# Problem details
Copy all records exactly, excluding images.

# Provided records
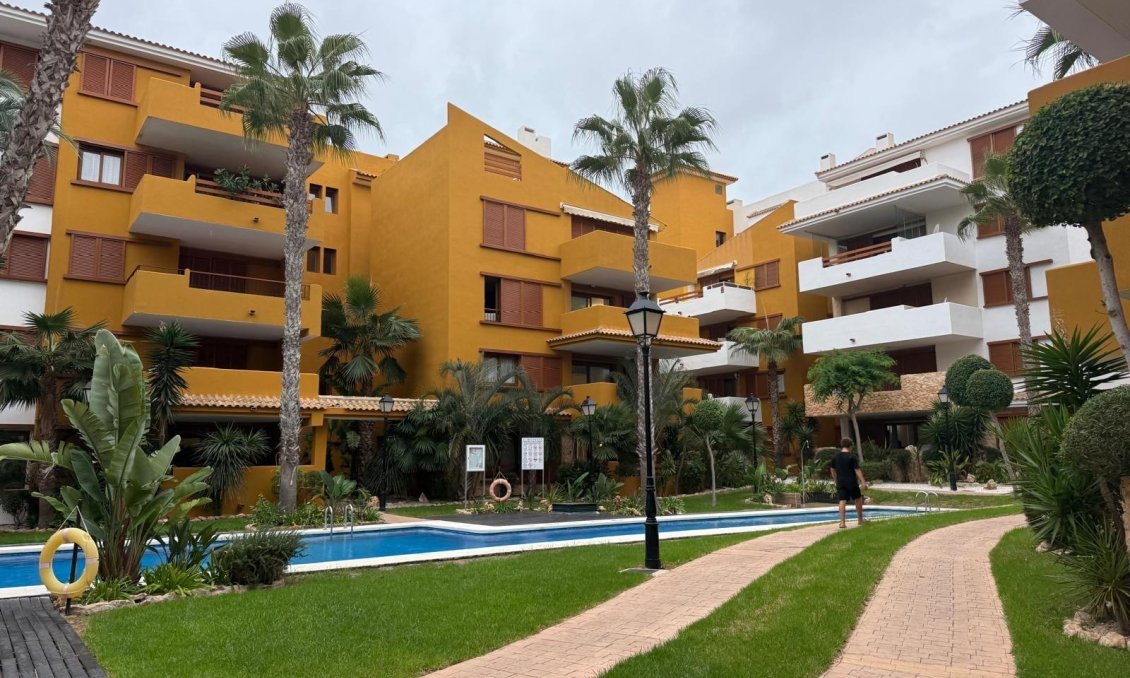 Segunda mano - Apartamento -
Torrevieja - Punta Prima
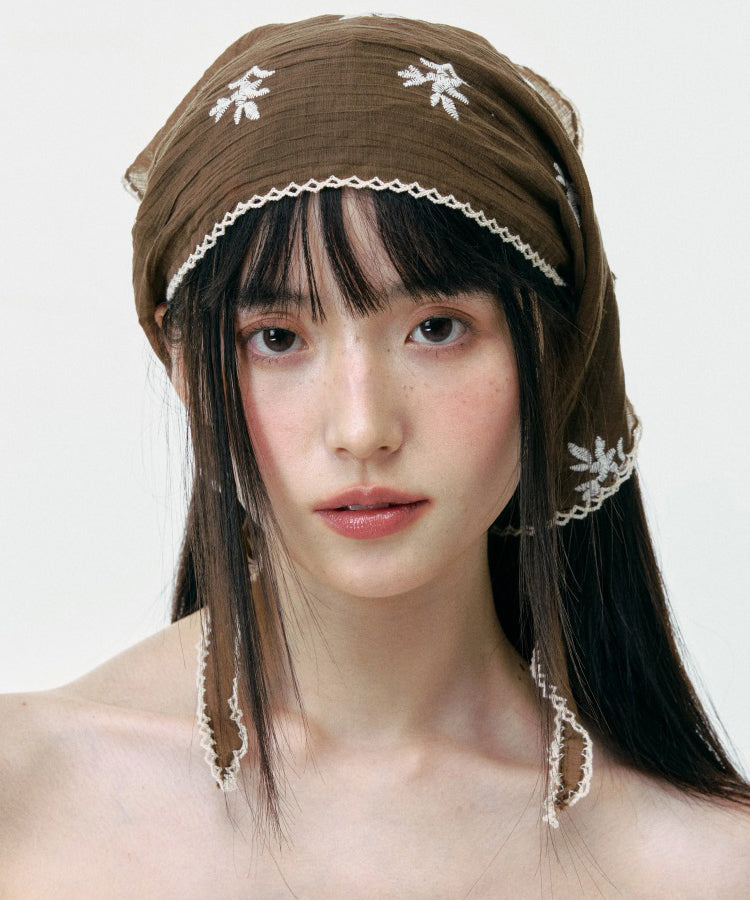 Écharpe triangulaire fine et respirante brodée de style japonais pour l'été - Wavlynn
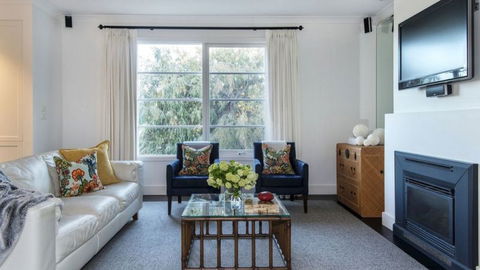 The Summer House - Tourism Canberra 3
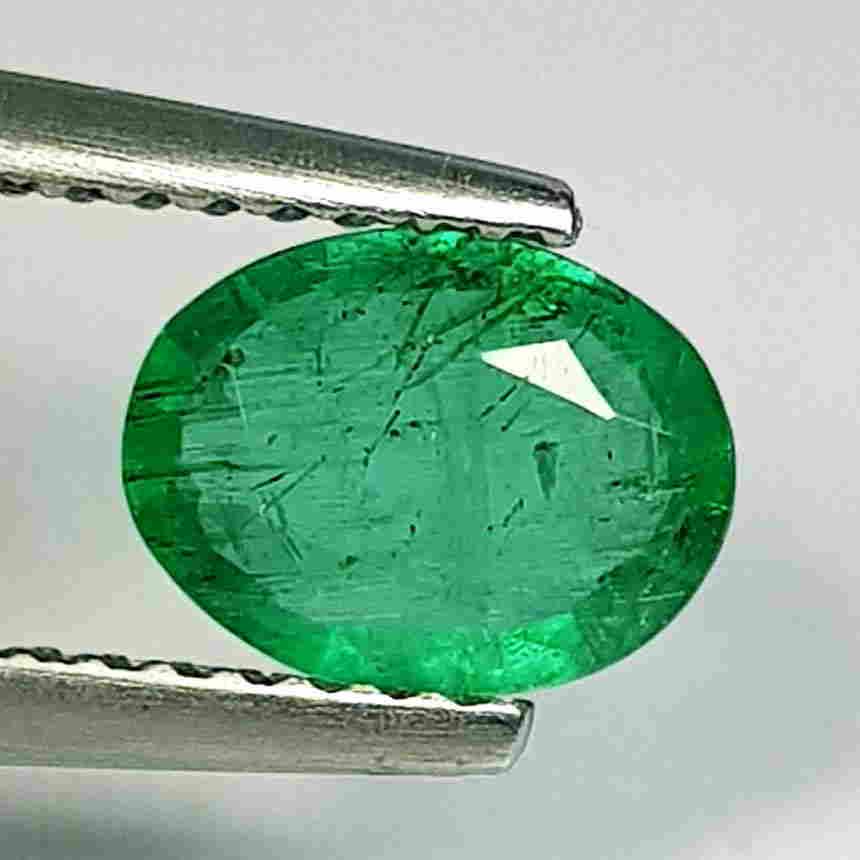 Natural Emerald Oval Cut 0.85 ct (1 of 5)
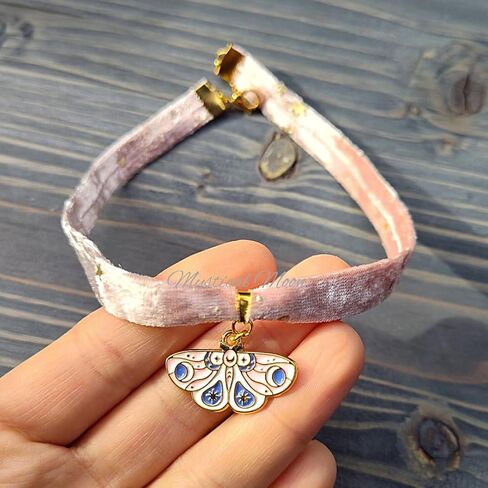 قلادة Dawn Celestial Moth Choker باللون الوردي والأرجواني مع شريط مخملي مع نجوم ذهبية مجوهرات كوخ غريب الأطوار ملحق Whimsigoth قلادة Wiccan Wiccan in Saudi Arabia
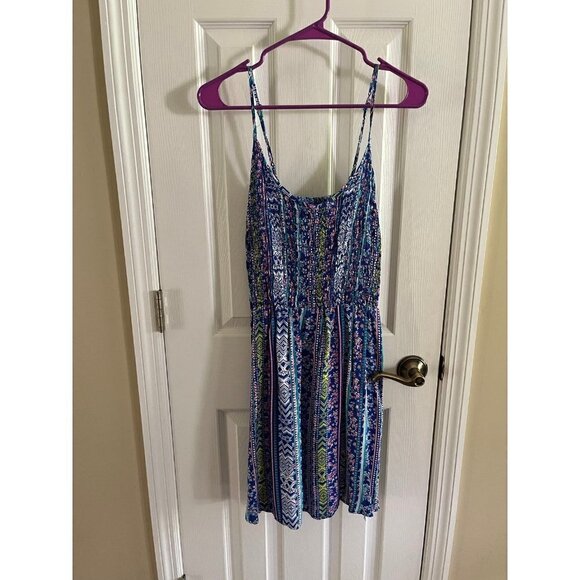 Dress - Picture 1 of 3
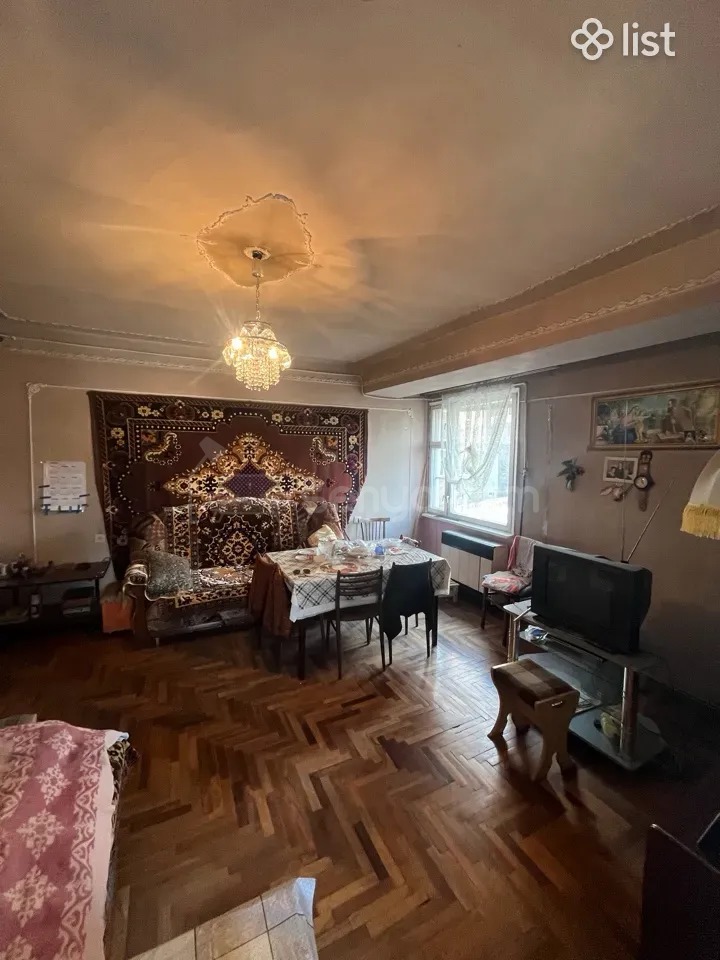 3 Սենյականոց Բնակարան Քարե Շենքում, 77քմ, 4/9 հարկ, Նորմալ Վիճակում, Կահավորված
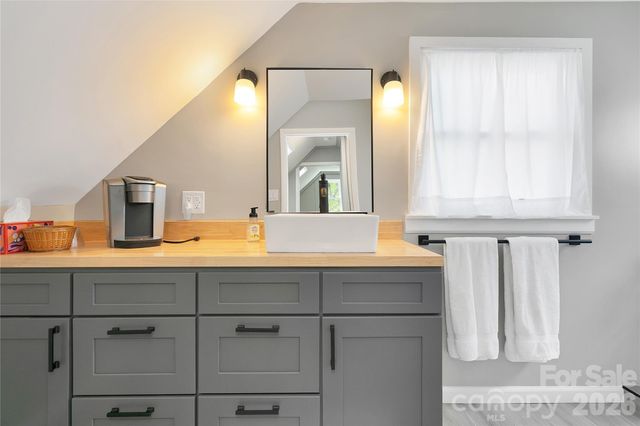 359 Rainbow Lake Drive, Brevard, NC 28712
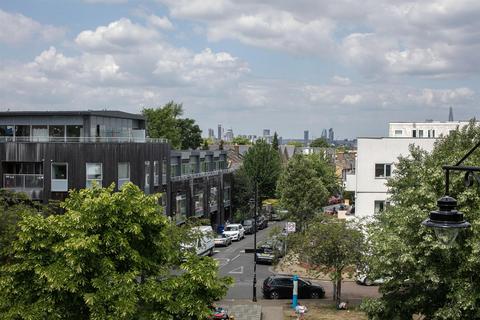 16c Nunhead Green, London, SE15 3QF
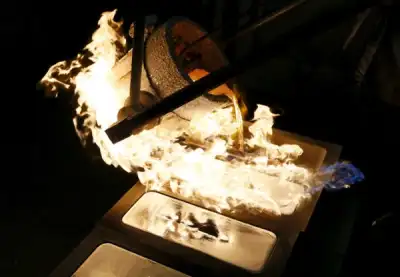 Image for One billion ounces of silver traded in London on Monday as prices surged – LBMA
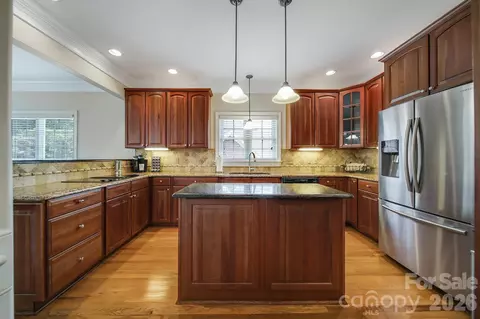 Kitchen - 263 Hemingway Ln, Fort Mill, SC 29708 photo 2 of 4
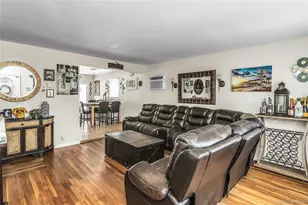 20 Jamaica Ave, Plainview, NY 11803 - Photo 5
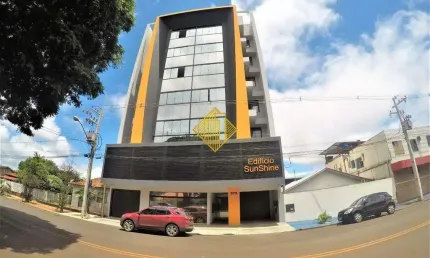 Apartamento à venda, 2 quartos, 1 suíte, 2 vagas, Centro - Toledo/PR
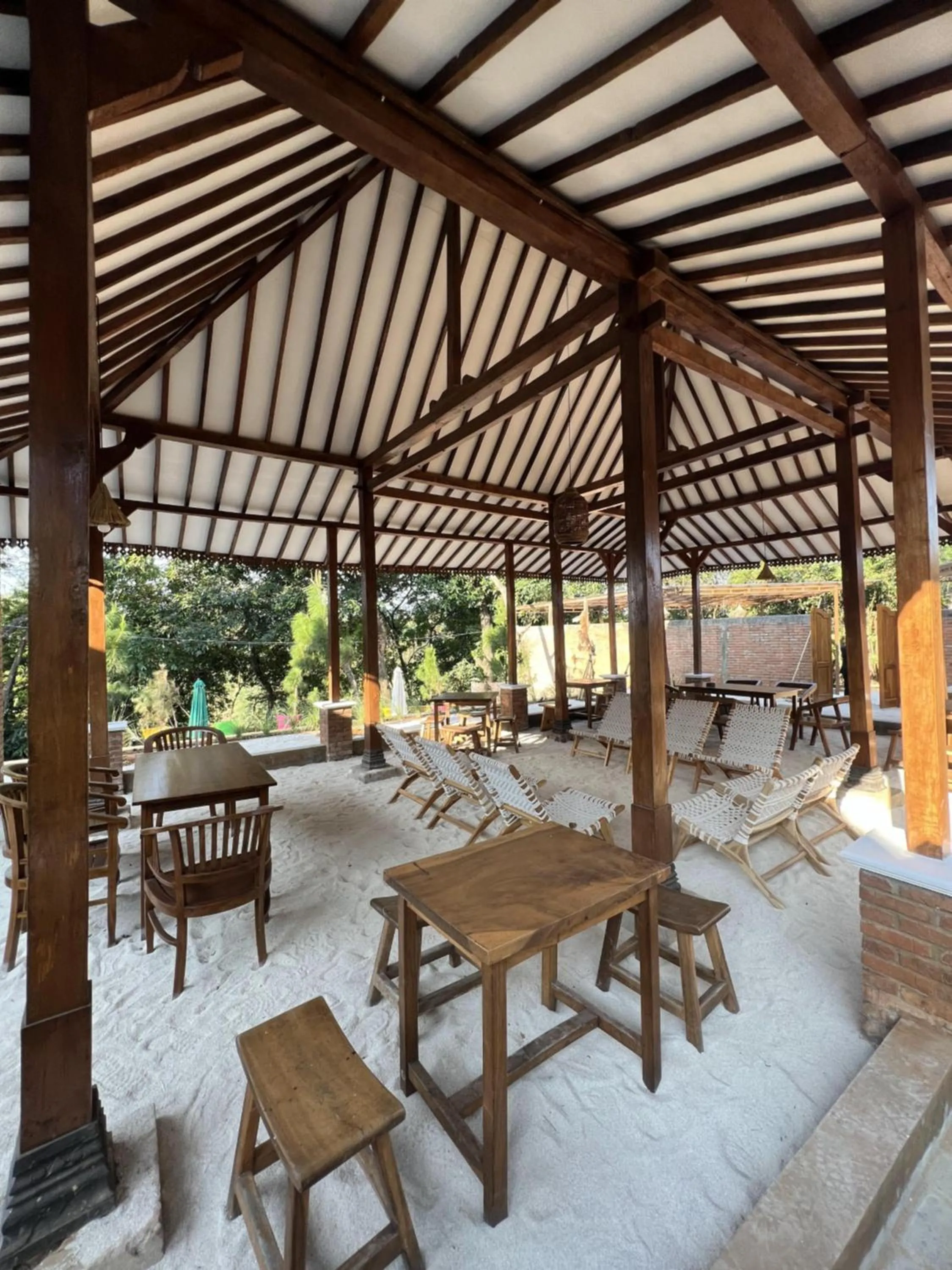 Restaurant/places to eat in Point of View Hotel & Resort Majalengka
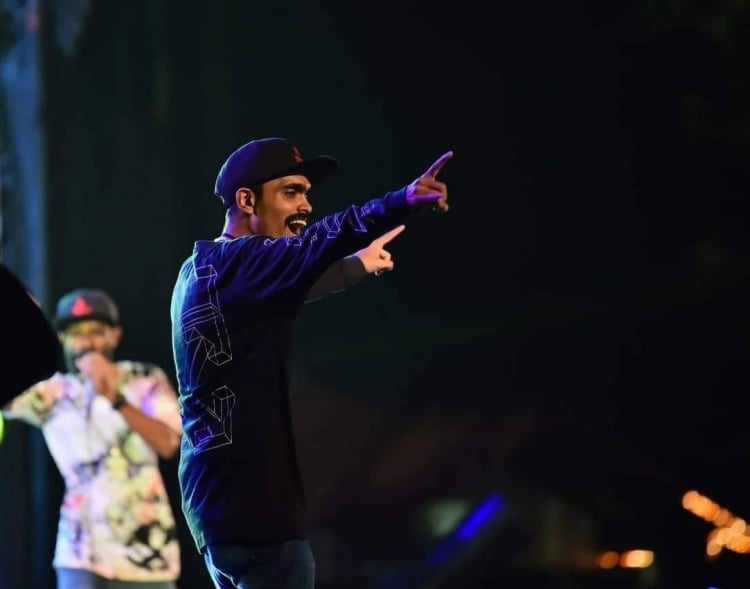 ދިވެހި "ރެޕް ކިންގް ޕެސްޓް" ގޭބަންދަށް ބަދަލުކޮށްފި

# Task solution
 Segunda mano - Apartamento -
Torrevieja - Punta Prima
 Écharpe triangulaire fine et respirante brodée de style japonais pour l'été - Wavlynn
 The Summer House - Tourism Canberra 3
 Natural Emerald Oval Cut 0.85 ct (1 of 5)
 قلادة Dawn Celestial Moth Choker باللون الوردي والأرجواني مع شريط مخملي مع نجوم ذهبية مجوهرات كوخ غريب الأطوار ملحق Whimsigoth قلادة Wiccan Wiccan in Saudi Arabia
 Dress - Picture 1 of 3
 3 Սենյականոց Բնակարան Քարե Շենքում, 77քմ, 4/9 հարկ, Նորմալ Վիճակում, Կահավորված
 359 Rainbow Lake Drive, Brevard, NC 28712
 16c Nunhead Green, London, SE15 3QF
 Image for One billion ounces of silver traded in London on Monday as prices surged – LBMA
 Kitchen - 263 Hemingway Ln, Fort Mill, SC 29708 photo 2 of 4
 20 Jamaica Ave, Plainview, NY 11803 - Photo 5
 Apartamento à venda, 2 quartos, 1 suíte, 2 vagas, Centro - Toledo/PR
 Restaurant/places to eat in Point of View Hotel & Resort Majalengka
 ދިވެހި "ރެޕް ކިންގް ޕެސްޓް" ގޭބަންދަށް ބަދަލުކޮށްފި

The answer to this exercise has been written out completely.